┌───────────────────────────┬───────────────┬────────────────────┐
│Interface │ Attribute │ Value │
├───────────────────────────┼───────────────┼────────────────────┤
│getaddrinfo() │ Thread safety │ MT-Safe env locale │
├───────────────────────────┼───────────────┼────────────────────┤
│freeaddrinfo(), │ Thread safety │ MT-Safe │
│gai_strerror() │ │ │
└───────────────────────────┴───────────────┴────────────────────┘
MT-Safe
MT-Safe or Thread-Safe functions are safe to call in the
presence of other threads. MT, in MT-Safe, stands for
Multi Thread.
Being MT-Safe does not imply a function is atomic, nor
that it uses any of the memory synchronization mechanisms
POSIX exposes to users. It is even possible that calling
MT-Safe functions in sequence does not yield an MT-Safe
combination. For example, having a thread call two MT-
Safe functions one right after the other does not
guarantee behavior equivalent to atomic execution of a
combination of both functions, since concurrent calls in
other threads may interfere in a destructive way.
Whole-program optimizations that could inline functions
across library interfaces may expose unsafe reordering,
and so performing inlining across the GNU C Library
interface is not recommended. The documented MT-Safety
status is not guaranteed under whole-program optimization.

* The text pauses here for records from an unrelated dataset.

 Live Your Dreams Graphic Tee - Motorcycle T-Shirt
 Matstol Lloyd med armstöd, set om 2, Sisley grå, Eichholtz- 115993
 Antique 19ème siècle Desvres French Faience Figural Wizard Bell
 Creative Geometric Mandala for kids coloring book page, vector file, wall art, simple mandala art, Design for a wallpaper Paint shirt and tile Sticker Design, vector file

However, functions defined in user-visible headers are
designed to be safe for inlining.
Other safety remarks
Additional keywords may be attached to functions, indicating
features that do not make a function unsafe to call, but that may
need to be taken into account in certain classes of programs:
locale Functions annotated with locale as an MT-Safety issue read
from the locale object without any form of
synchronization. Functions annotated with locale called
concurrently with locale changes may behave in ways that
do not correspond to any of the locales active during
their execution, but an unpredictable mix thereof.

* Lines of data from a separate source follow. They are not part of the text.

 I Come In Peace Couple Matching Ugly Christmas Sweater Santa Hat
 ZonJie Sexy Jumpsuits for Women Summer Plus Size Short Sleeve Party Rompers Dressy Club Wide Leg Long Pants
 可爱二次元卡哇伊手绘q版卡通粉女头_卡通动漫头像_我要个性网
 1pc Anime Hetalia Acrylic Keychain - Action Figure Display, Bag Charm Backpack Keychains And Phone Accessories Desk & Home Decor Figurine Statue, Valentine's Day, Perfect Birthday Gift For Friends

We do not mark these functions as MT-Unsafe, however,
because functions that modify the locale object are marked
with const:locale and regarded as unsafe. Being unsafe,
the latter are not to be called when multiple threads are
running or asynchronous signals are enabled, and so the
locale can be considered effectively constant in these
contexts, which makes the former safe.
env Functions marked with env as an MT-Safety issue access the
environment with getenv(3) or similar, without any guards
to ensure safety in the presence of concurrent
modifications.
We do not mark these functions as MT-Unsafe, however,
because functions that modify the environment are all
marked with const:env and regarded as unsafe. Being
unsafe, the latter are not to be called when multiple
threads are running or asynchronous signals are enabled,
and so the environment can be considered effectively
constant in these contexts, which makes the former safe.
Yes, I talk about that table in a deeper comment. Note to other readers, the table itself is in getaddrinfo(3) but the explanation of the elements is in attributes(7).